Sunday, April 02, 2006

Gordon Chin "Double Concerto"

Michael Stern and the KC Symphony continue to introduce new works to not only Kansas City but the musical world at large. From the opening concert's "The Enlightened" by Zhou Long, to "Purple Rhapsody" by Tower and then "Extremity of Sky" by Melinda Wagner, Stern and the Symphony have given us the opportunity to hear what some of the best contemporary composers have to offer. I have heard some grumbling from patrons about "all the scratchy modern crap" but these pretenders (they go to be seen and not to hear the music) would be happy only if the fare were nothing but Mozart or maybe Haydn.

But the real jewel of this series of new works so far is the Double Concerto by Gordon Chin. Chin is sadly unknown and unrecorded here in the US but the KC Symphony is about to change all that. This powerful, moving and colorful work was receiving only its second performance since its creation in 2002 and its premiere in February 2006. The news that the Symphony is to record the work (along with Chin's "Formosa Seasons") on the wonderful Naxos label is testimony to the excellence of the work and the new found stature and confidence of the orchestra.

The work consists of four lengthy and evocative movements, titled 1) Drifting Shadow, 2) A Flowering Sacrifice 3) Expectation and 4) Yearning: A Sweet Torture. The musical drama is created by an often competitive and occasionally co-operative dialogue between the soloists. In the performance, the cello (the part virtually owned by soloist Felix Fan) faced forward and the violin (equaled by Cho-Liang Lin, Chin wrote the piece for them)faced the cello. This arrangement visually aided the work's concept of the soloists in conflict and dialogue. The cello looked forward, ignoring the violin and the violin, never giving up in the attempt to make its point.

"Drifting Shadow" is a masterpiece of musical dialogue.
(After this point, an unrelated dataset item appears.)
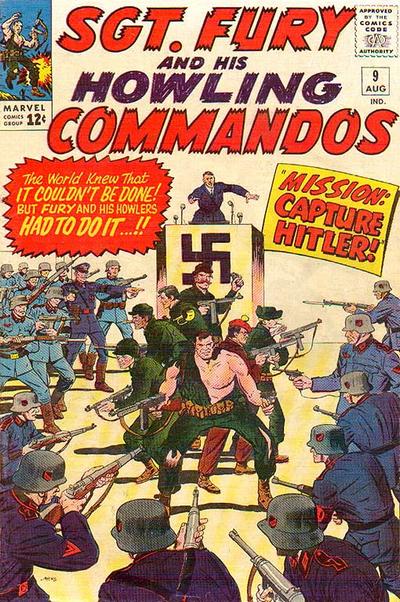 Cover for Sgt. Fury (Marvel, 1963 series) #9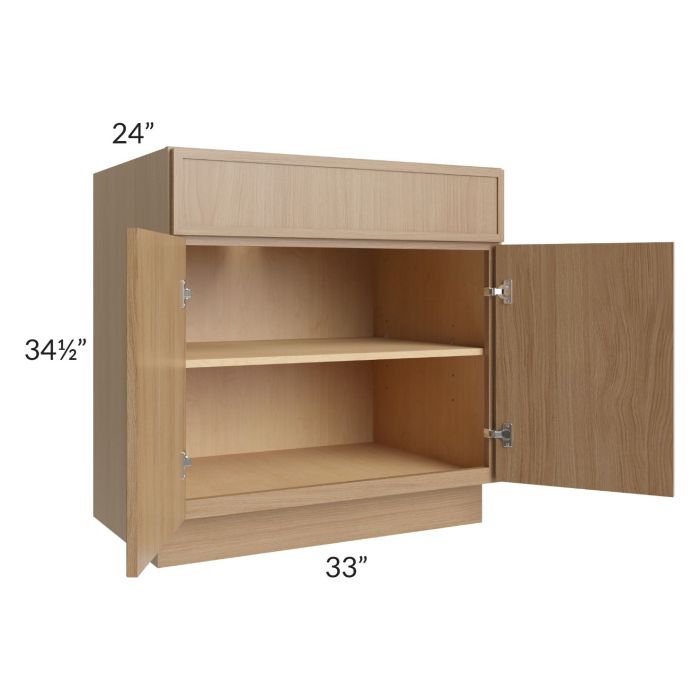 Township Rift Oak 33" Full Height Door Base Cabinet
In a simple ABA scheme, the soloists were of two minds and only rarely met in agreement. The orchestra commented sometimes with Mahlerian grandeur and sometimes spiky dissonance. The soaring violin melodies were especially Romantic in nature.

I was expecting "Flowering Sacrifice" with its scoring for "water bucket, and sheets of colored paper to be torn slowly" to be light on substance and long on gimmick. WRONG! This evocative nocturne was the highlight, although it was a bit long and repetitive. The paper was not a gimmick but added to the soft oriental tinged fabric. The paper torn to pieces, were then scattered by the percussionists, visually evoking the scattering of the flower petals. Too bad this can not be recreated in the recording as it adds greatly to the enjoyment of the piece. As appropriate to one mourning a death (or as Chin's description .."until the day we ourselves are united with the flowers at the altar")the soloists play one of the work's few unison passages in this movement.

"In Expectation" is joyful rondo with the tension somewhat alleviated. The finale returns to the conflict with pounding percussion contrasting and interrupting lyrical passages(a la Nielsen)from the soloists and rich Mahlerian and even Ravellian sounds from the orchestra. A sheer delight.

Chin is a composer that I hope to encounter again. He was present at the performance and genuinely appreciated the warm response to the piece. I would love to hear his symphonies and other works if they are as well crafted and communicative as the Double Concerto.

The concert included the Shostakovich 10th reviewed here on 4/1 and a thrilling "Leonore # 3" by Beethoven. The off stage trumpet calls in the overture were perfect in tone and presence. Absolute perfection!